El arreglo llega después de que Bayer retirara Lotrimin AF y Tinactin el 1 de octubre de 2021, tras detectar la presencia de un ingrediente no declarado en dichos productos.
La sustancia en cuestión, benzene, es un compuesto que no debe estar presente en estos sprays, de acuerdo con el memorando de retirada emitido por la FDA en 2021.
Aun así, la compañía señaló que los niveles detectados no se esperaban que provocaran efectos adversos significativos. Aunque la afirmación de ausencia de daños nunca debe ser tomada como garantía, supuestamente no se han reportado reacciones adversas de gravedad atribuibles a estos productos durante el periodo de uso informado.
El acuerdo de clase implica que los compradores estadounidenses podrían recibir una parte de los fondos disponibles, tras presentar una reclamación válida.
Cualquier consumidor en EE. UU. que haya adquirido un producto elegible desde el 16 de noviembre de 2015 podría ser elegible para un pago.
¿Quién puede reclamar? En términos generales, cualquier cliente en Estados Unidos que compró un producto elegible desde el 16 de noviembre de 2015 está en posición de reclamar.
La forma de presentar la reclamación es relativamente simple: se puede hacer en línea a través del sitio ww.antifungalspraysettlement.com o por correo, y la fecha límite para enviar reclamaciones es el 11 de marzo de 2026. Si se posee comprobante de compra, la reclamación podría recibir hasta el costo total de los productos adquiridos.

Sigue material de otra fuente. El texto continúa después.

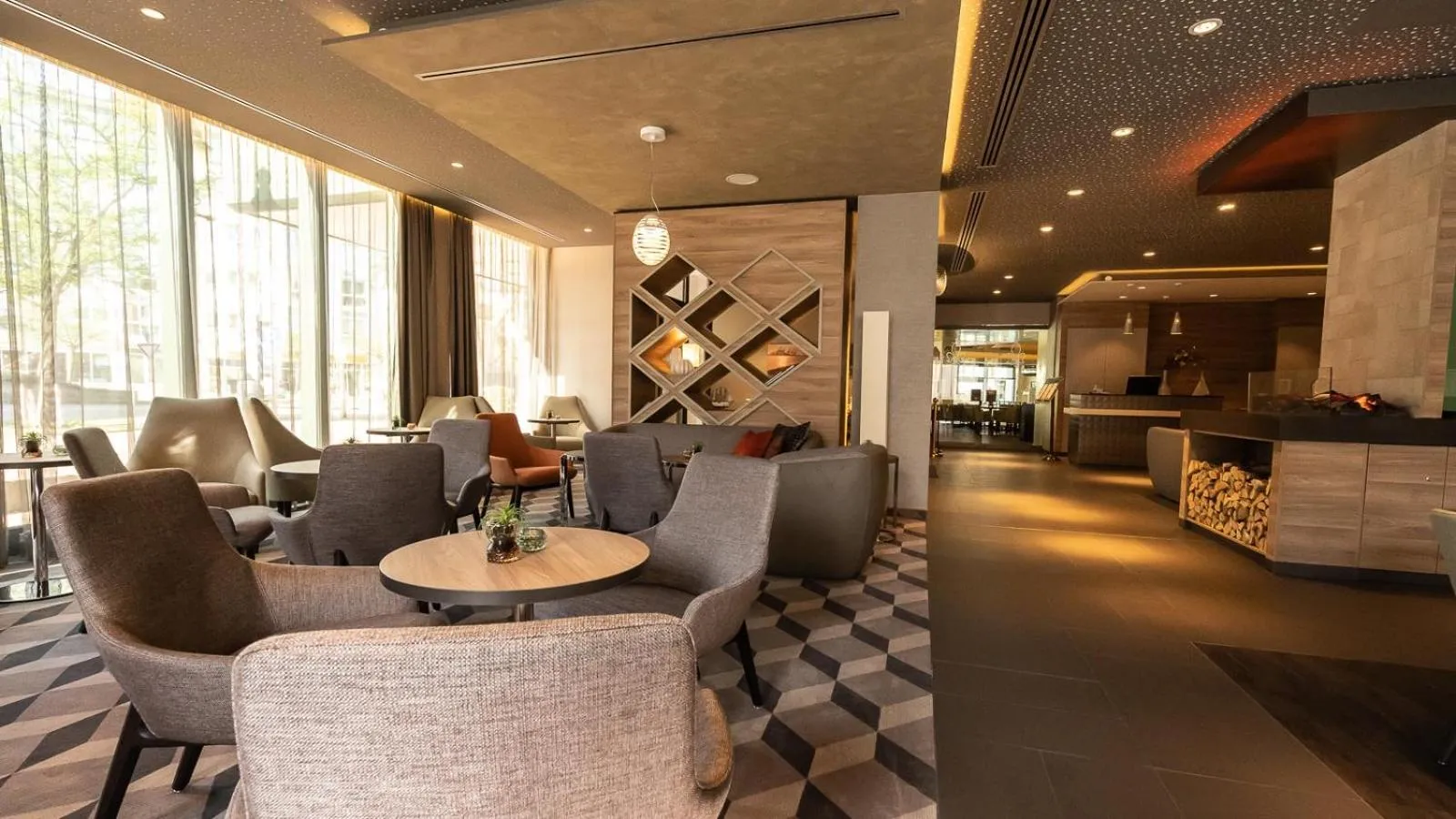 Lobby or reception in Hotel Panorama Hamburg-Harburg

Si no se cuenta con prueba de compra, es posible presentar hasta tres reclamaciones separadas por domicilio, con un valor de 7 dólares por reclamación (aproximadamente 6,40 euros por reclamación al tipo de cambio actual).
Ambas tasas pueden ajustarse en función del volumen de reclamaciones recibidas.

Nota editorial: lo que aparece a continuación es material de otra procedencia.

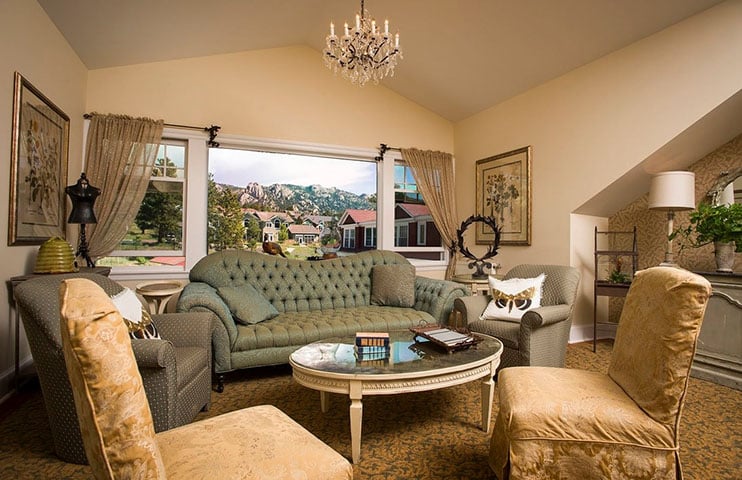 Com 140 quartos e suítes, o hotel é conhecido por sua atmosfera misteriosa e por ser considerado um dos lugares mais assombrados do mundo.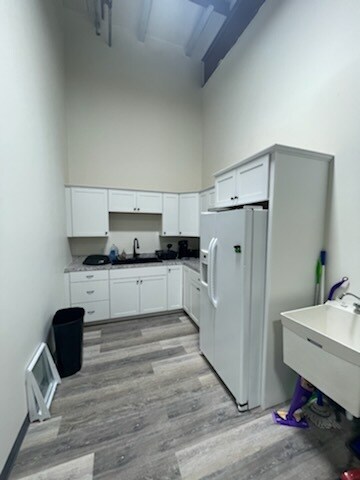 More Photos Of 907 N Bluff Rd, Collinsville Flex For Lease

Este tipo de acuerdos no solo cierra un capítulo legal para Bayer
Este tipo de acuerdos no solo cierra un capítulo legal para Bayer, sino que también envía un mensaje sobre la responsabilidad de la industria para la seguridad del consumidor.
En el plano regulatorio, la #retirada de productos con componentes no declarados ha sido un tema recurrente en los últimos años, con discusiones sobre transparencia y control de ingredientes en cosméticos y remedios de venta libre.
Aunque la mayoría de las reclamaciones se resuelven sin efectos adversos graves reportados, la resolución de este caso podría influir en futuras acciones de consumidores contra otros fabricantes.
La situación también ofrece una perspectiva histórica importante. El benzene es un compuesto con antecedentes en el ámbito químico y farmacéutico, y su presencia en productos de consumo ha generado debates sobre límites de exposición y pruebas de seguridad.
En este sentido, el acuerdo de Bayer podría verse como un recordatorio de la necesidad de controles más estrictos y de una comunicación más clara hacia el consumidor.
En el corto plazo, la atención se centra en el proceso de reclamación, las cantidades que podrían devolverse y el calendario de pagos que, presumiblemente, beneficiará a miles de compradores que conservaron los recibos o, en su defecto, podrán presentar reclamaciones sin comprobante de compra, dentro de los límites ya detallados.
Si bien el monto total del acuerdo es significativo, el impacto en la economía de Bayer y en la confianza de los consumidores dependerá de cómo se gestionen las reclamaciones y de la percepción pública sobre la seguridad de los productos de cuidado personal.
En cualquier caso, la historia añade un capítulo relevante a la conversación sobre responsabilidad corporativa, seguridad de productos y derechos de los consumidores en un mercado cada vez más exigente y regulado.